Senin, 14 Februari 2011

Ranah 3 Warna: Berwarnanya Buah Kesabaran

Huh...Akhirnya dengan susah payah saya selesaikan juga melahap novel rocommended ini. Baru kali ini rasanya saya menamatkan novel yang menurut saya bagus dalam jeda behari-hari. Tentu bukan karena cerita yang tidak menarik, tapi karena sesuati di luar sana yang nyaris merenggut hobi dan kesenangan saya. Hari-hari yang habis ditelan ragam kesibukan.

Bagi anda yang sudah membaca cerita 5 orang santri di Pondok Madani, tentu tak asing dengan sosok Alif Fikri. Tokoh sentral dalam cerita Negeri 5 Menara. Nah, tentu anda penasaran bagaimana liku-liku Alif setelah tamat dari PM? Novel kedua dari trilogi ini wajib anda baca: Ranah 3 Warna.

Setelah membaca novel ini, semangat saya benar-benar kembali menyala. Semangat untuk segera menyelesaikan pendidikan, semangat untuk menulis, semagat berkarya lebih,semangat melanglang buana keliling dunia dan tentu semangat untuk menemukan pasangan hidup. ehm...

Jika di seri pertama, kita dibakar oleh mantra sakti Man Jada wa Jadda, Siapa yang besungguh-sungguh, akan berhasil. Ternyata, mantra ini saja tidaklah cukup mejadi pelecut dan penawar untuk menggapai cita dan keinginan. Ada satu mantra lagi yang tak bisa dan tak mungkin dilupakan untuk menginjakkan kaki di puncak kesuksesan. Apakah dia?

Ya...Man shabra Zhafira. Siapa yang bersabar aka beruntung. Yup, sabar. Betapa sabar telah lama menguap dari hari-hari kita.
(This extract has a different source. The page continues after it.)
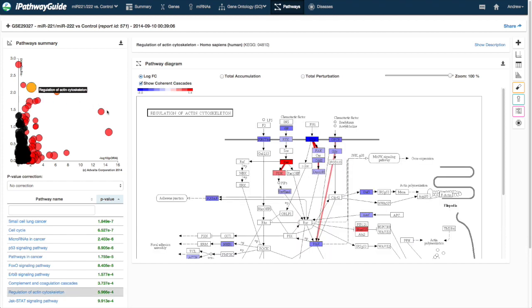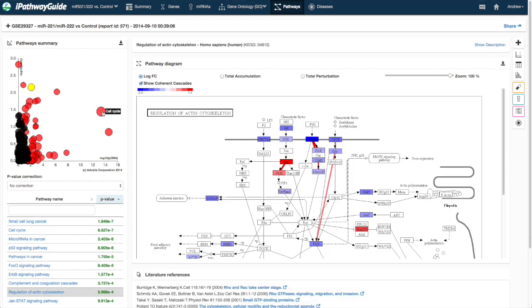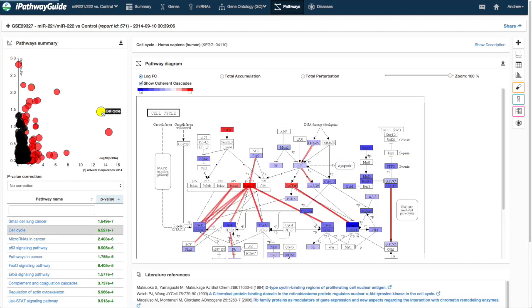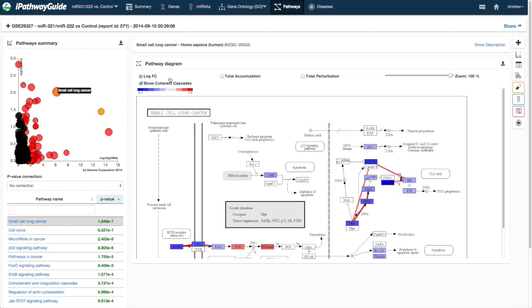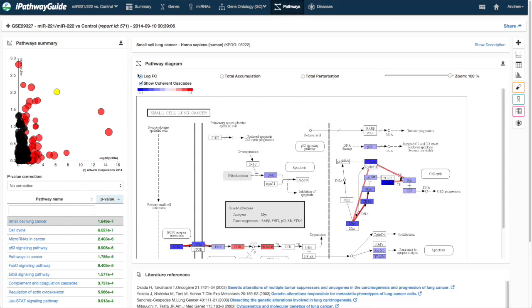In the Pathway Diagram section, the selected pathway image from CAG is displayed. By default, the measured log fold change of the significant differentially expressed genes is displayed.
Sabar tak lagi menjadi alat pengendali dari nafsu dan syahwat yang terus membabi buta. Sabar tak lagi menjadi senjata saat usaha telah disasarkan. Sabar tak lagi utuh sebagai mata tombak keberhasilan.
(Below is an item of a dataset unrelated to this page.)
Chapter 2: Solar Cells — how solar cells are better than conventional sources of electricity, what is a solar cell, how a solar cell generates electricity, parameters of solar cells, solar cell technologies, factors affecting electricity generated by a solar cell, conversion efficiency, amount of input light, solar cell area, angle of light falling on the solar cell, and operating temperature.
Dalam kisah ini, kita diajarkan tentang makna sabar lebih dalam. Bagaimana Alif harus kembali berjibaku dan berjuang maati-matian untuk mengikuti ujian persamaan dan mengikuti UMPTN. Padahal dia adalah lulusan PM yang hampir tak ada alumninya yang mengikuti UMPTN. Karena mata pelajarannya amatlah berbeda dengan SMA yang memang dipersiapkan ke PT.
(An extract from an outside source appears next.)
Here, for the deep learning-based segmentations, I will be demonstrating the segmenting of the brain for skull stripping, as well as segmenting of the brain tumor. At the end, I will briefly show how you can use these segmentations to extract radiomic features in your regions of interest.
Kita juga disuguhi bagaimana perjuangan Alif selama kuliah di Bandung. Ketika hidup harus menumpang dengan teman sekampung, berbagi sarapan, harus rela mengetik larut malam karena harus menunggu empunnya komputer tidur duluan, juga perjuangannya berjualan sana kemari, mengajar privat demi memenuhi kebutuhan sehari-hari. Di saat-saat sulit itu, Alif menyadar bahwa kesungguhan saja tidak cukup untuk melawan kerasnya hidup. Ada faktor lain yag juga teramat penting. Dan keluarlah mantra itu; sabar. Bersabarlah, maka kau akan beruntung. Bersabarlah, kau akan menuju kemenangan. Bersabarlah, Tuhan pasti bersamamu.

Jika boleh diambil perbandingan, dari segi cerita novel kedua anak Maninjau ini hampir mirip dengan Sang Pemimpi dan Edensor-nya Andrea Hirata. Tukang cerita ulung dari Belitong. Di sini, ketika mimpi-mimpi kita langitkan maka Langit pasti mendengar dan suatu waktu akan mengabulkannya. Untuk mereka yang bersungguh-sungguh dan bersabar. Ingat saat bersama sahibul menara, mereka menginterpretasikan awan senja di langit PM. Alif menginterpretasikan bahwa awan itu adalah Amerika, benua yang sangat ingin dijelajahinya.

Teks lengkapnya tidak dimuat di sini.